Manny (formerly Eric J-D or something like that) has written a few good things and I've even had a nice PM chat with him a couple times. But for quite a while all I see out of him is, well, Vladimir-Posnerism (to coin a term).
And -E. says sensible and thoughtful things, which really are out of place on rpg.net.
Yeah, on the one hand Mr. -E
seems to miss the main textual thrust of the heartbreaker essays--I mean "uninformed derivatives of D&D with just one or two nuggets of gold", sure I've seen those. What was that one, Knights and Berserkers and Legerdemain?....pretty much defined the idea, if not by the system (which I really don't know at all) then the utter failure of the author to really explain why anyone should bother with it at all. Which he did to me (i.e., utterly fail to explain the reason for his game) in person at Origins lo these many years ago, BTW.

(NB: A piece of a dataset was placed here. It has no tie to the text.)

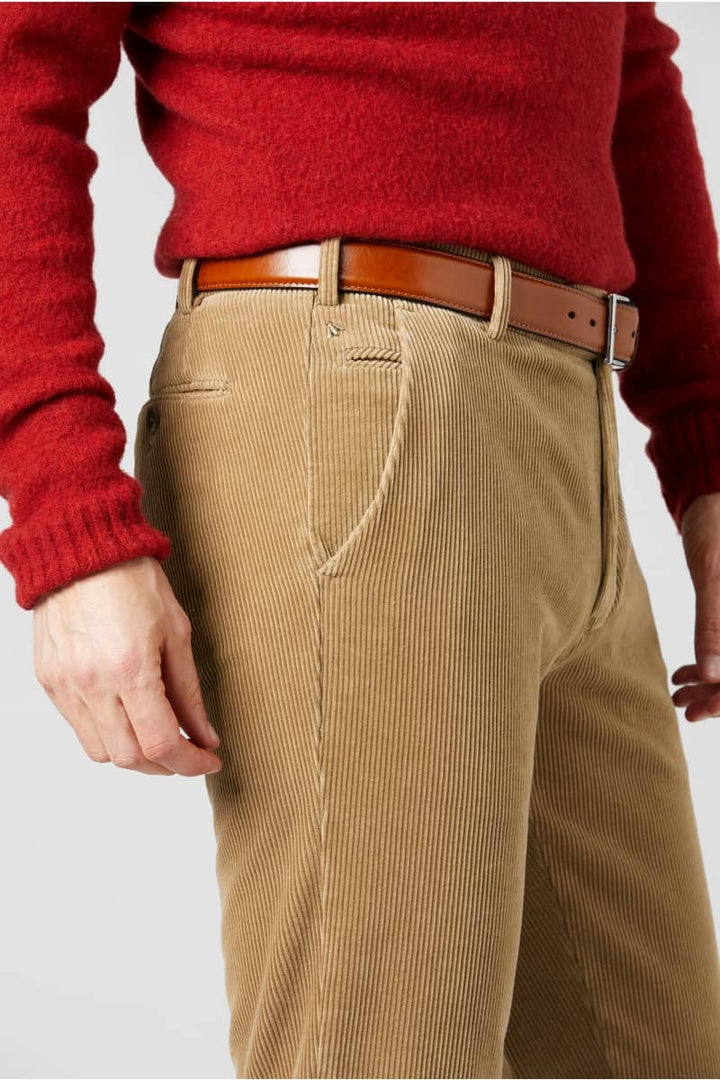 CORDUROY CHINOS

But it all falls down in the face of Palladium, and Bard's Atlantis, and Talislanta, and very likely Earthdawn. And that's just on the raw mechanical level; once you get to the bit that -E highlighted, the part about "social contract time bombs", the net becomes wider...and less accurate. This is one of the deep messages of the essays. The other message, or implication, really, whether RE realizes it or not, is that heartbreakers are heartbreakers largely because of failures of marketing, not design. And this leads right into his other agenda, which is the creation and maintenance of a market-as-community. I don't think this can be denied, it's only a matter of whether you put a positive spin on it or negative.